The Maduro regime deployed Chinese mobile anti-stealth radars, which Beijing claimed were capable of detecting the most sophisticated U.S. fighter aircraft, including F-22s and F-35s. Instead, the U.S. military defeated China’s air defense system with intensive electronic jamming, enabling strikes against Venezuelan military targets and clearing secure space for U.S. Special Forces to achieve mission success.

Yet threats to our national security loom on the horizon because China is ruthlessly focused on controlling the global production and supply of polysilicon, a critical ingredient in the manufacture of semiconductor chips on which the U.S. military relies for the most consequential and challenging operations, just like the one in Caracas last month.



Following its aggressive mercantilist playbook, China is deliberately flooding the global market with artificially low prices.
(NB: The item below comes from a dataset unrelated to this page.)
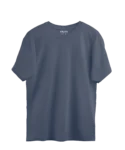welcome to jungle oversized tshirt navy blue back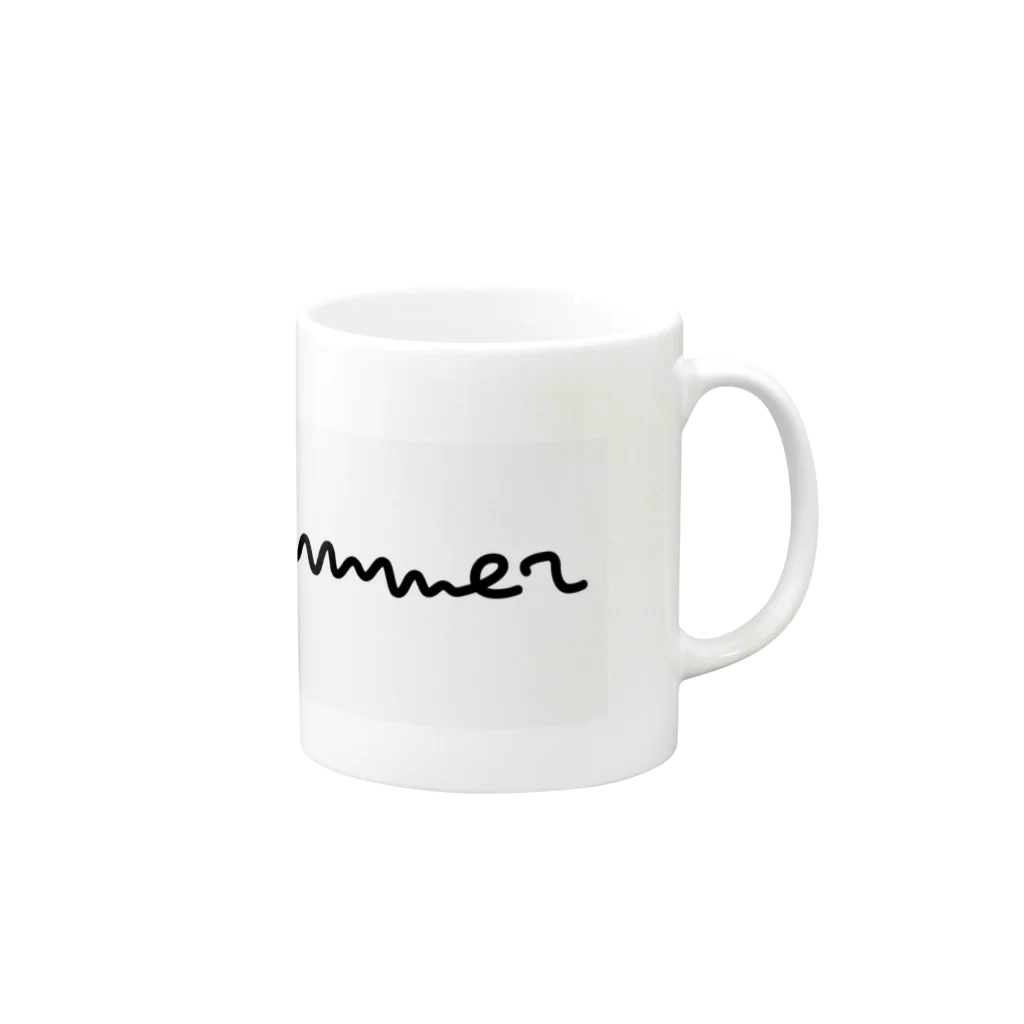 mamamarのsummer Mug :right side of the handle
By selling polysilicon at less than 15% of true market rates, China seeks to eliminate all commercially viable non-Chinese sources of polysilicon, thereby gaining a state-run monopoly on polysilicon and a stranglehold on future maintenance and production of weapons systems, cyber defense and communications.

Dependent for now on the U.S., Taiwan, South Korea and Japan — all geopolitical rivals — for their semiconductors, China wants to suffocate U.S. and U.S.-allied polysilicon producers financially, gaining leverage and limiting the capability of the U.S. to project power in its hemisphere and beyond.

If China were to control the market for polysilicon, then Beijing would shift the balance of power for global defense and security.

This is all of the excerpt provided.